Any illustrations produced for a variable policy are purely. Actual performance will vary from illustration assumptions, and it is advisable to analyze the variable policy under various investment scenarios.
– The separate accounts have no guaranteed investment yield. Poor performance of the investment subaccounts selected may decrease the policy’s cash value and death benefit.
– The variable universal life policy is a registered product, and it is important for the buyer to read the prospectus provided before making a decision to buy the policy.
It is necessary to periodically review the policy’s actual performance against original projections.
Actual performance will not exactly match the original projections because some or all of the actual historical Policy Parameters (Management or Performance) will no doubt differ from what was originally set or assumed. Additionally, objectives, needs, and resources will all change over time; the policy owner may well have different objectives than when the policy was originally acquired.

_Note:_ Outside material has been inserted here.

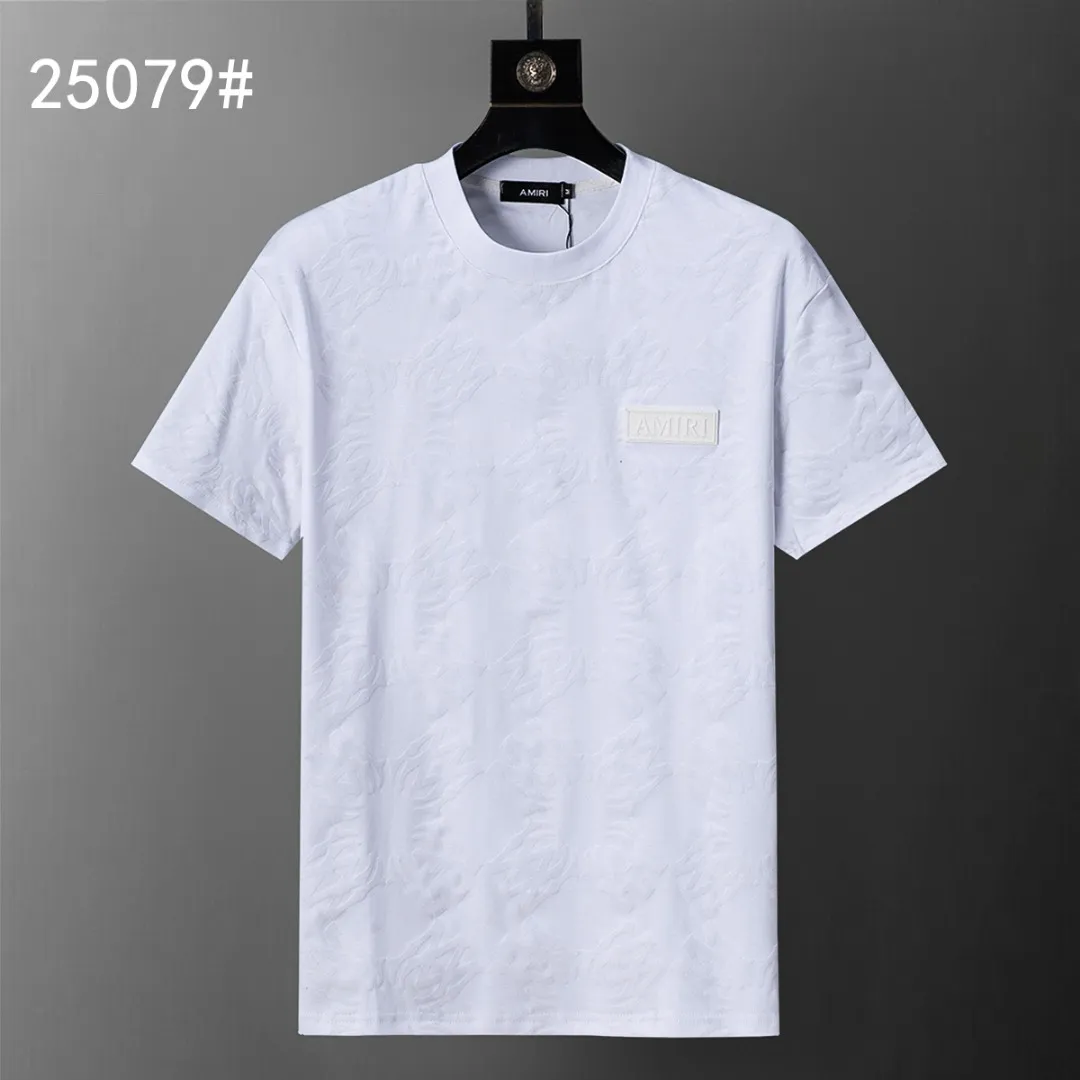 P130 Mili's 2026 spring and summer new men's round-neck short-sleeved T-shirt, all over the body with flocking printing technology, the style is fashionable and handsome, the fabric is comfortable, the workmanship is rigorous, and the wiring is neat. Good upper body effect·size M-3XL white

For these reasons, we must perform re-illustrations of the policy. That is, given where the policy is at a point in time, and given the new Policy Management Parameters and assumed future Policy Performance Parameters, we must re-solve for the unspecified parameters. By revisiting the performance periodically, we can avoid funding surprises.
Projections and illustrations are just that. Regardless of the assumptions that are considered when creating these projections, actual policy results will vary according to the performance of the company that issued the policy. Although performance of a policy or an insurer cannot be guaranteed, there are things that can be done to help mitigate the risk of less-than-desirable results.